Warburg’s heart hammered. Still, Lionni said nothing.

“Am I right?” Warburg asked. “How would that work?”

“She was instructed by a rabbi.”

“But to become a Jew out of pity? Is that—”

“She is one of us,” Lionni said. “Becoming one of us saved her.”

Warburg recalled how she had fled from him in the canteen. Was this what she could not talk about? But he realized that the caring woman’s embrace of a devastated people was not unlike his own.
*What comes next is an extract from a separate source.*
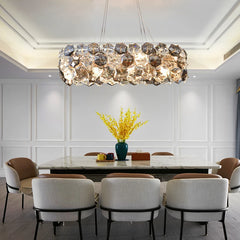 A stunning crystal chandelier with a wrought iron frame, hanging above a dining room table.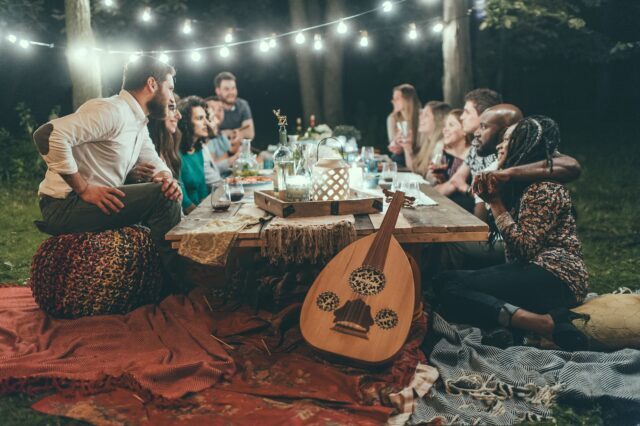 5 Tips For a Successful Outdoor Party people sitting on chair in front of table with candles and candles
Lionni gave way to another fit of coughing. When he had collected himself, he said again, “The Red Cross cannot refuse the Pope, even if they know the identities presented are false. Identities presented to the Vatican are false, too, of course. But the Vatican Secretariat requires photographs.”

“If the Red Cross required photographs, no one would cross a border in Europe.”

“That is why our source in the Red Cross is insufficient,” Lionni said. “The Vatican has the means of checking photographs, determining who the fugitives are, which no doubt it does. The Vatican only pretends not to know whom they are dealing with. You have an American friend in the Pontifical Commission, no? The sealed signatures below the Latin rescripts we see are Perugino, Filipepi, Bugiardini. We do not see the signature of your friend Deane. What does he know of this? There are dozens of officials on that commission operating all over Europe. Does he know what they are doing in its name? Making documents that certify good German Catholics.”

“And you know that these Germans are not good?” Warburg was off balance, having Deane brought into this.

“If they are good, why are they not dead?”

“But you don’t know who they are.”

“They are SS. They are senior Gestapo. Their real names are on the Allied war criminal lists. They are being hunted. That is why they need Vatican documents in other names. That they have come here, or soon will, proves they are important Nazis. Otherwise they would not be making it as far as Rome. They follow a map drawn for them by Himmler. He called it
Aussenweg
, the Road Out.”

“How do you know that?”

Lionni tossed his head sideways, as if Himmler’s posthumous mischief was obvious. “The map points them to Argentina. But from Vienna to Zagreb to Trieste to Rome, they are using the Croatian underground, based here. The Croatians are protected by the Vatican. The Croatians are creating a Catholic state-in-exile in Buenos Aires, in the event they do not push Tito back to Serbia soon. For now, Rome remains the Croatian foothold. Hence Pavelic here, somewhere, awaiting his chance at Zagreb again. The escaping Germans care nothing for Zagreb. To them the Croatians are the sheep of the Cyclops. German Nazis riding out of Europe clinging to the Croatian underside the way Odysseus and his men rode out under the sheep of Polyphemus. The Croatians are happy to be used in this way, but they are prevented from knowing whom they are dealing with.”

“Only the document providers in the Vatican know that.”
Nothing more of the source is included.